宵は夜のはじまり。少しわくわくするような、少し恐ろしいような。
春宵一刻値千金
ー蘇軾『春夜』より
宵の明星(よいのみょうじょう)
宵の空に輝く、一番星
明の明星と対になる言葉で、宵の明星は日が沈んで間もない頃に見られる「金星」の呼び名です。暗くなりはじめた空に一番星を見つけたら、それは宵の明星であると思ってよいでしょう。月のそばで輝く宵の明星はことさら美しく、空で秘密のお話をしているようにも見えます。
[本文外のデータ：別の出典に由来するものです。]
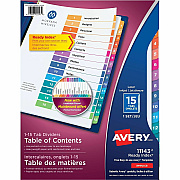 Avery Ready Index Table of Content Dividersfor Laser and Inkjet Printers (AVE11143)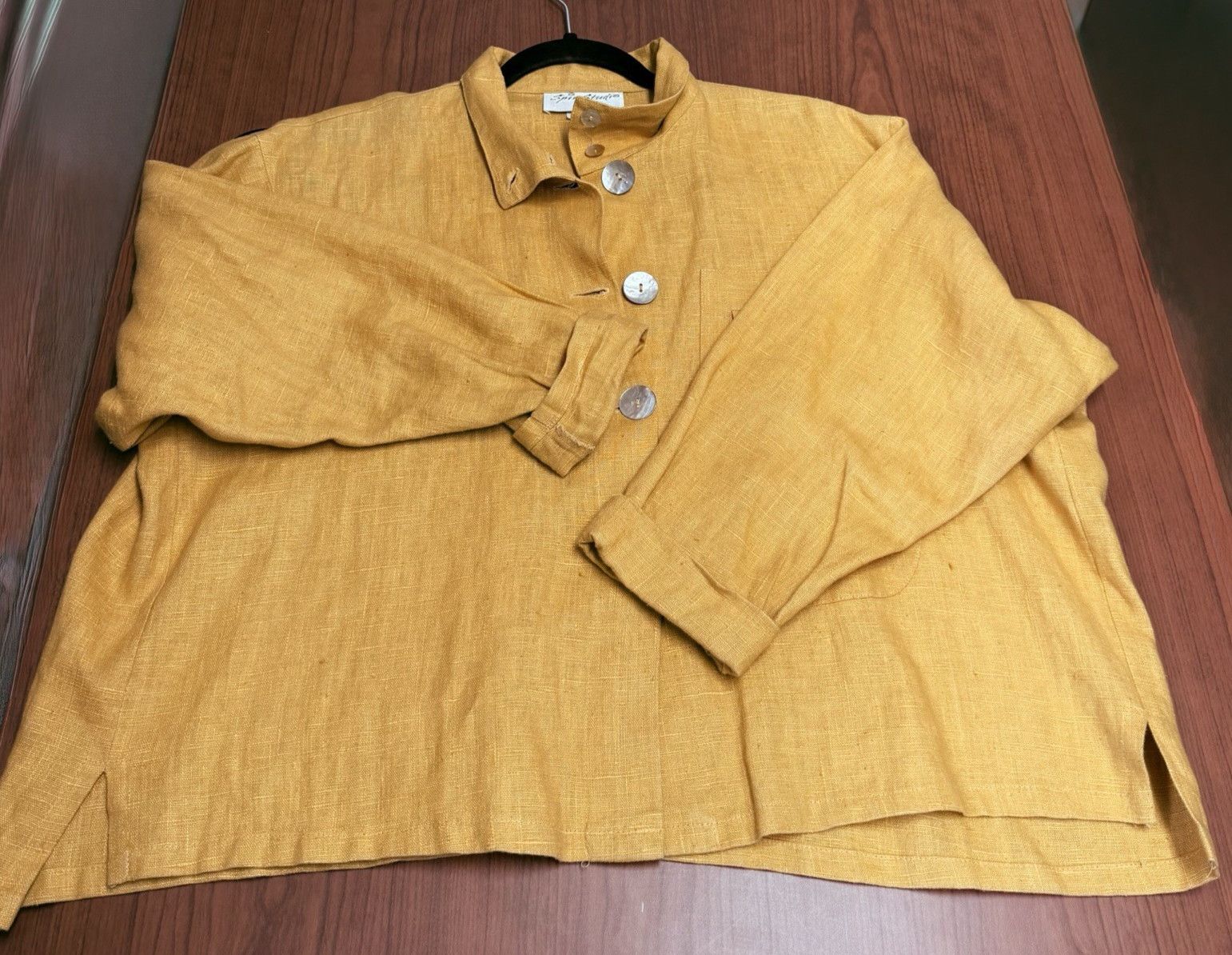 Other Spin Studio 100% Linen Women M Yellow Mustard Boxy USA Size M / US 6-8 / IT 42-44 - 10 Thumbnail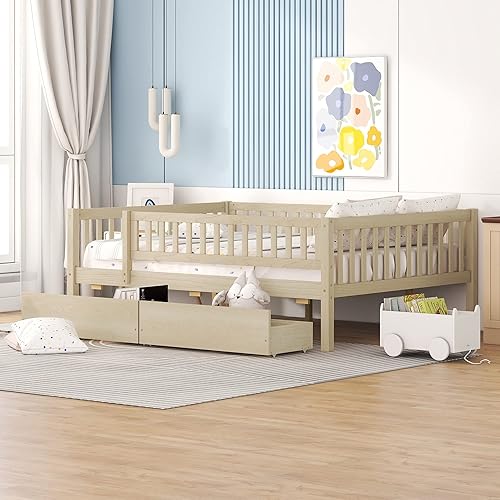 Cama de tamaño matrimonial para niños con rieles y 2 cajones, plataforma de baja altura, cama de madera con valla para niños y niñas, junior, natural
夕星も 通ふ天道を いつまでか 仰ぎて待たむ 月人壮士
ー山上憶良
夕星:宵の明星
天道:天上の道
月人壮士:月
夜の帳(よるのとばり)
夜の闇に包まれていく様子を、帳にたとえた言葉
日が沈み、あたりが暗くなってゆく様子を、「帳(とばり)」にたとえています。帳とは、室内を区切り人の目を遮るための垂れ布のこと。夜の闇に包まれていくことを、垂れ布が下りる様子にたとえているのです。静かな夜の訪れを感じさせる言葉ですね。「夜の帳がおりる」のように使われることも。
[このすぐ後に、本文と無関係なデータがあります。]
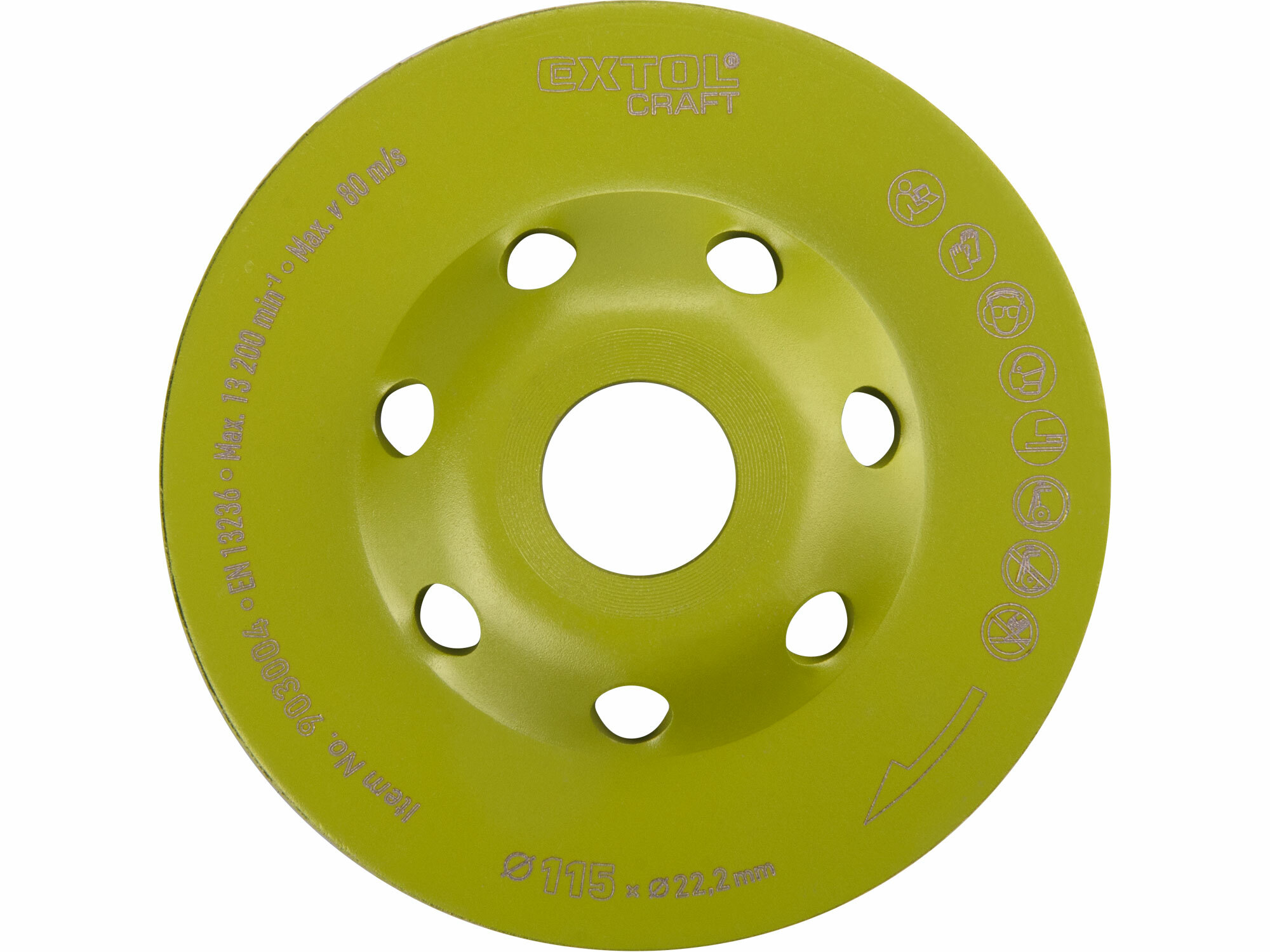 Kotúč brúsny diamantový, 115mm, Turbo, EXTOL CRAFT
夜の帳に ささめき尽きし 星の今を 下界の人の 鬢のほつれよ
ー与謝野晶子『みだれ髪』より
夜半(やはん)
人々が灯りを落とし、寝静まる夜中のこと
夜半とは夜中のこと。「やはん」「よわ」と、二つの読み方があります。「夜半(よわ)の月」と言えば、紫式部の「めぐり逢ひて 見しやそれとも わかぬ間に 雲がくれにし 夜半の月かな」があります。夜半の月は特に秋の真夜中の月を指し、秋の季語として俳人に親しまれています。
めぐり逢ひて 見しやそれとも わかぬ間に 雲がくれにし 夜半の月かな
ー紫式部『新古今和歌集』より
星きよき 夜半のうす雪 空晴れて 吹き通す風を 梢にぞ聞く
ー伏見院
夜更け(よふけ)
全てのものが静まり、星々が煌めく時間
夜更けとは深夜のこと。全てのものはしんと静まり返り、夜空には星々だけが煌めきます。「夜更かし」といえば、夜遅くまで起きていること。深夜はなにか自分だけの特別な時間のように感じられますが、健康のためにも、夜更かしはほどほどに。
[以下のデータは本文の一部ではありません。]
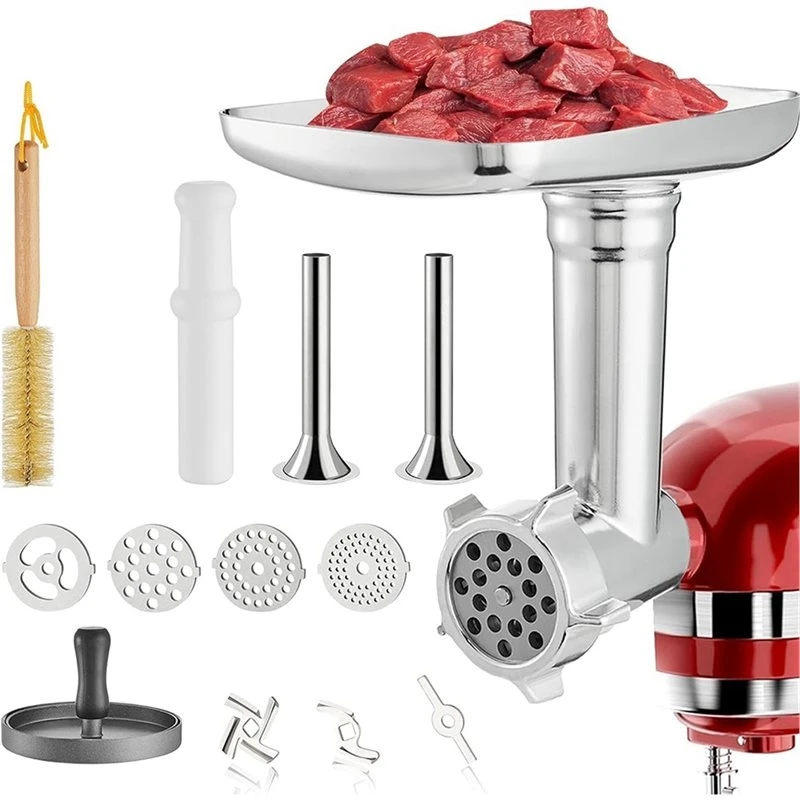 A67M-For KAMJUNTAR Meat 16-Piece Food Grinder& Sausage Maker Set Attachment For Kitchenaid Stand Mixer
さ夜更けば 出で来む月を 高山の 嶺の白雲 隠すらむかも
ー『万葉集』より
真夜中(まよなか)
下弦の月明かりがひっそりと輝く頃
真夜中は、夜のもっとも更けた頃。真夜中にひっそりとのぼる、下弦の月の月明かりがありがたく感じられます。ところで、怪談話は「草木も眠る、丑三つ時...」とはじまることがありますが、この丑三つ時は、現在の時間に直すと午前2時から午前2時半となります。真夜中は陰の妖気が強く、丑三つは方角に当てはめると鬼門だったことから、幽霊が出やすいと信じられていました。
平安時代、清少納言は『枕草子』の中で「夏は夜」と書き記しました。
街明かりのない時代、暗いからこそ月明かりや星明かりが美しく、蛍の光などもより愛しく感じられたのかもしれません。夜の闇はどこか恐ろしく、また同時に人を惹きつける魅力を持っているのかもしれません。
夏は夜。
月のころはさらなり。
闇もなほ、蛍の多く飛びちがひたる。
また、 ただ一つ二つなど、ほのかにうち光りて行くもをかし。
雨など降るもをかし。
ー清少納言『枕草子』より
いかがでしたか?明と宵の時間を趣深いものとして、大切に過ごすきっかけになれば嬉しく思います。